Writer, Photographer, Documentarian, New York

Berlin Prize Fellow - Class of Spring 2010

Camilo Vergara is a Chilean-born photographer, writer, and documentarian who lives and works in New York City. Since 1977 he has been documenting changes in the urban landscape, focusing on American slums and decaying urban environments, along the way becoming an “archivist of decline,” a documentarian of walls, buildings, and entire city blocks. His work is noted for picturing the same buildings and neighborhoods multiple times over many years, and in so doing recording the changing nature of the city itself. Vergara’s photographs tell how the American inner city evolved and what it gained and lost in the process. He has published several books, including American Ruins (Monacelli, 1999), The Twin Towers Remembered (Princeton Architectural Press, 2001), and How the Other Half Worships (Rutgers University Press, 2005), His book The American Ghetto (Rutgers University Press, 1997) won the Robert E. Park Award of the American Sociological Association.

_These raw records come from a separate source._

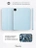Чехол книжка для iPad Pro 11" (2,3,4 gen) Gurdini Milano Series Cloud Blue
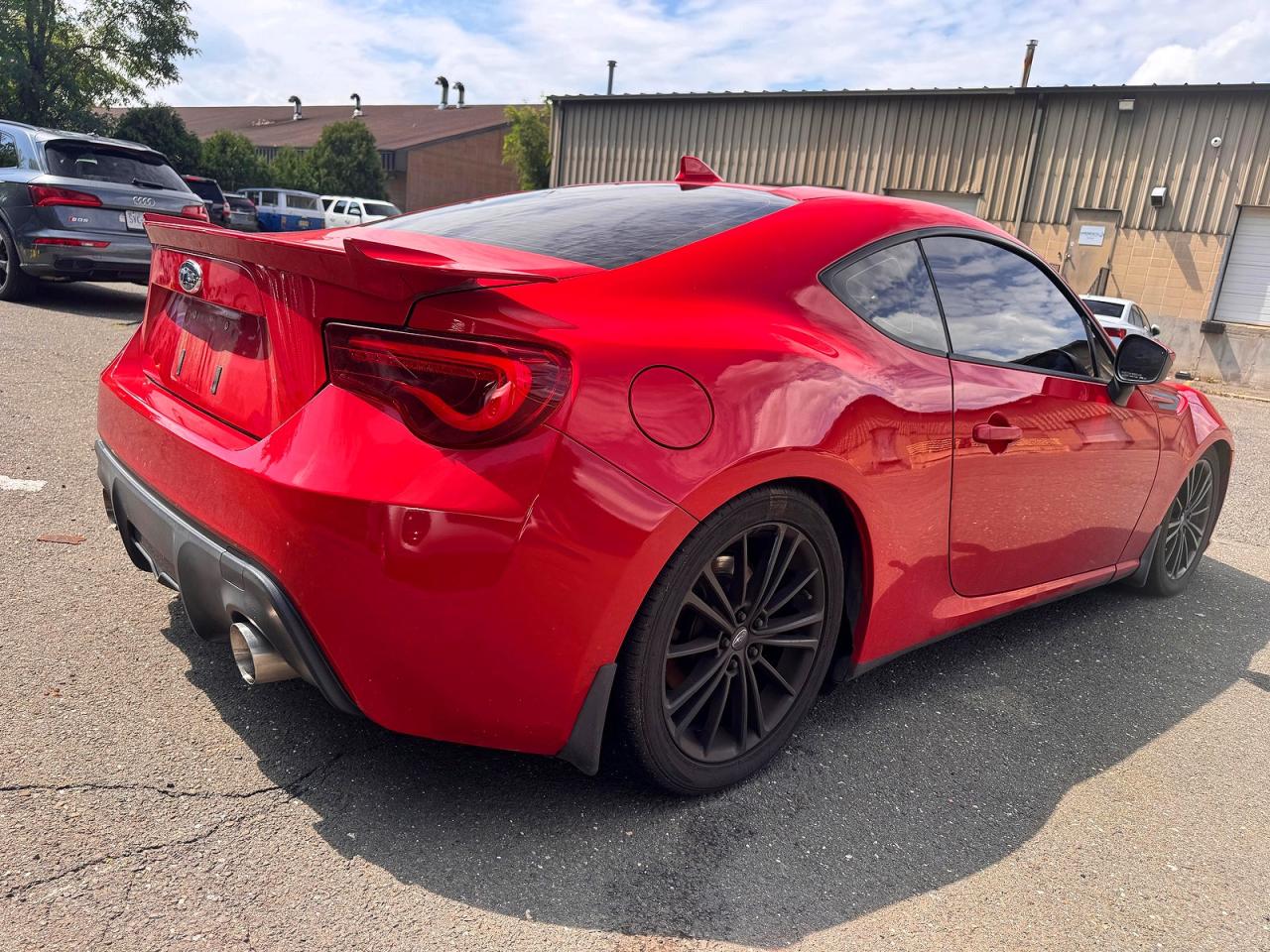 2014 Subaru Brz 2.0 Limited Red vin: JF1ZCAC15E9602118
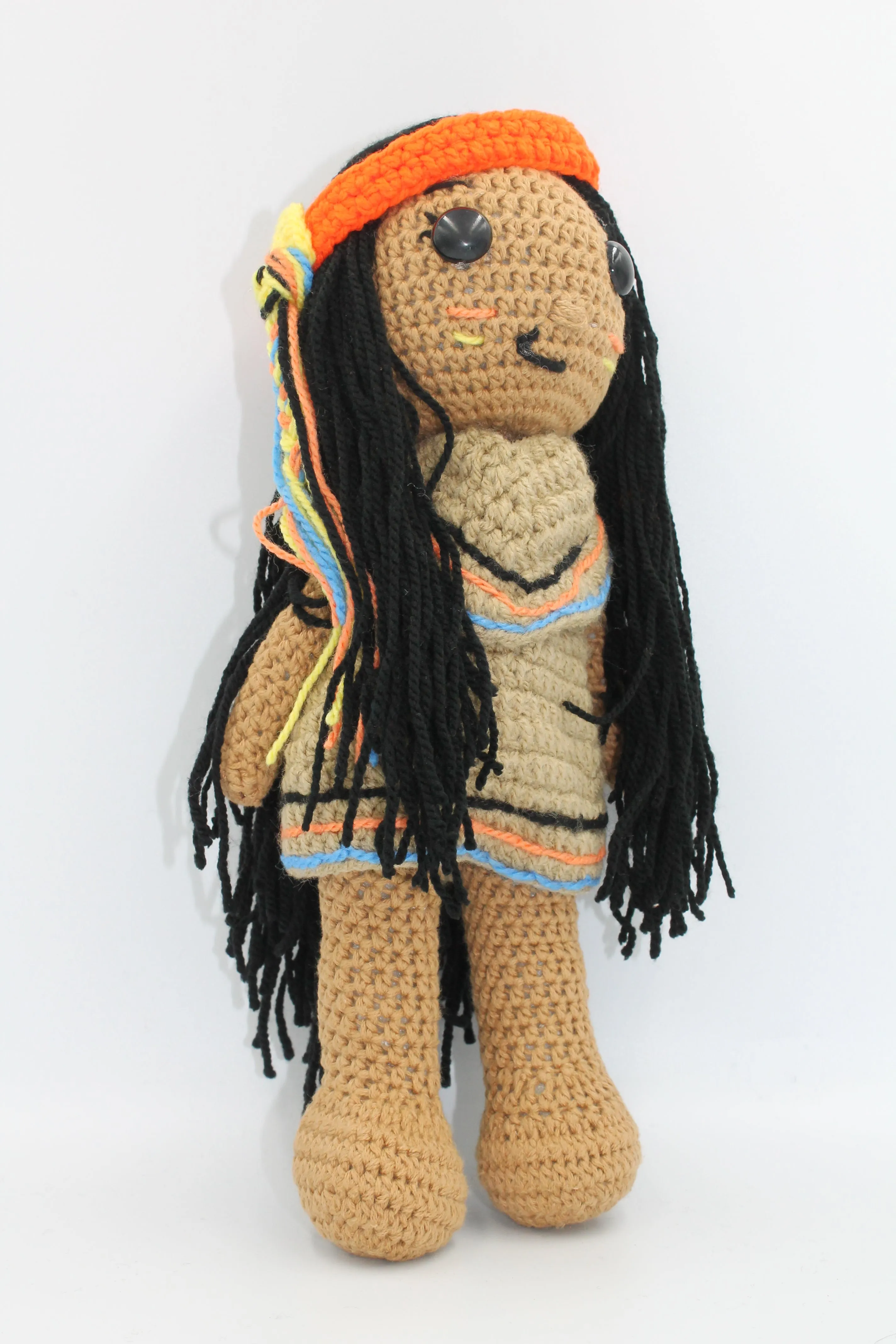 Crochet Native Doll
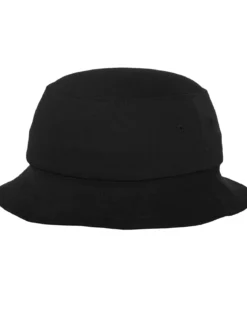 Cotton twill bucket hat - Musta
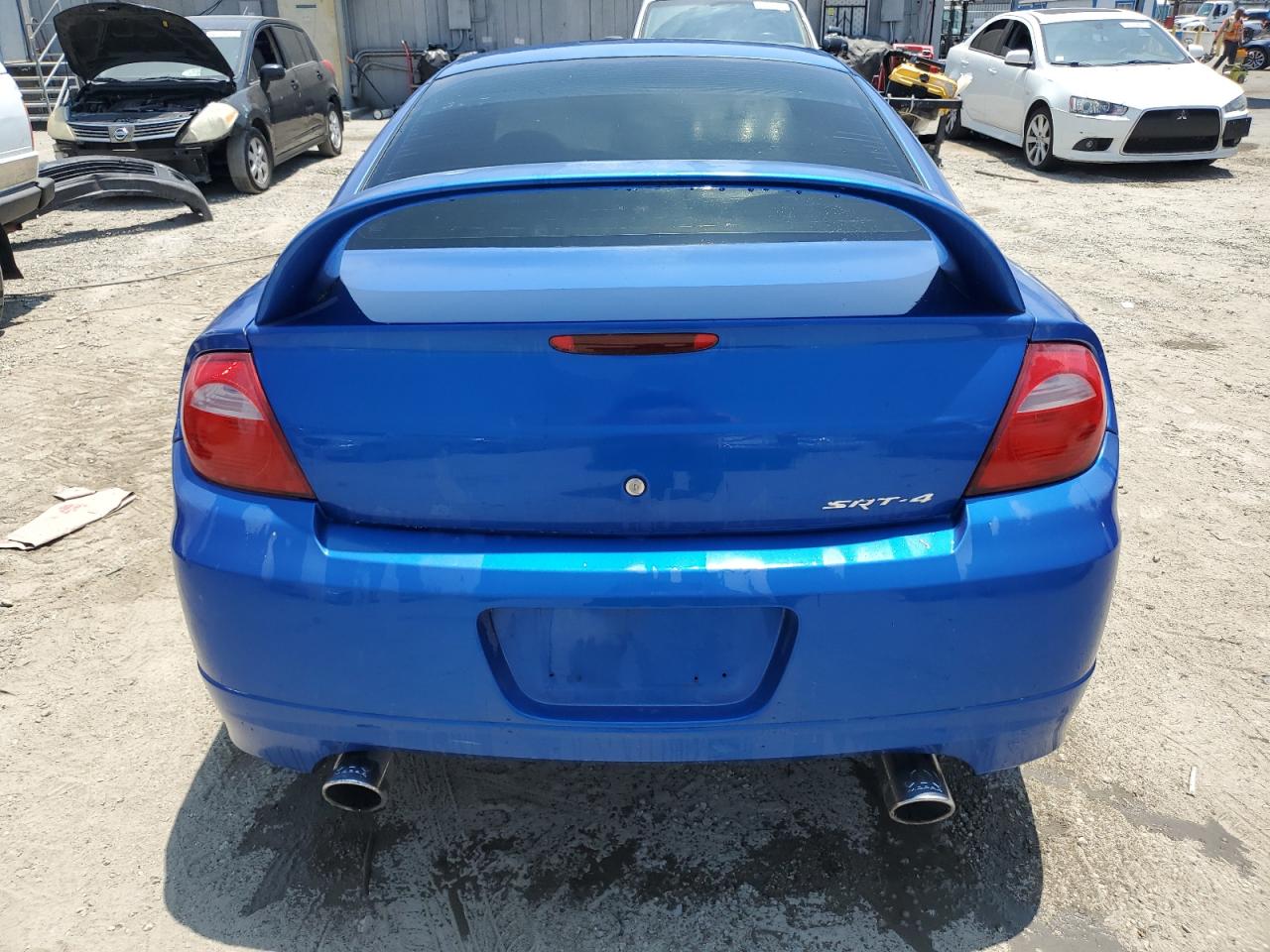2004 Dodge Neon Srt-4 VIN: 1B3AS66S24D595976 Lot: 61818645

In 2002 Vergara was awarded a “genius” award by the MacArthur Foundation. His work has been included in solo and group exhibitions at, among others, the National Building Museum, the Cooper-Hewitt, National Design Museum of the Smithsonian Institution, and the J. Paul Getty Museum. Vergara also served as a fellow of the Mid-Atlantic Regional Center for the Humanities at Rutgers University.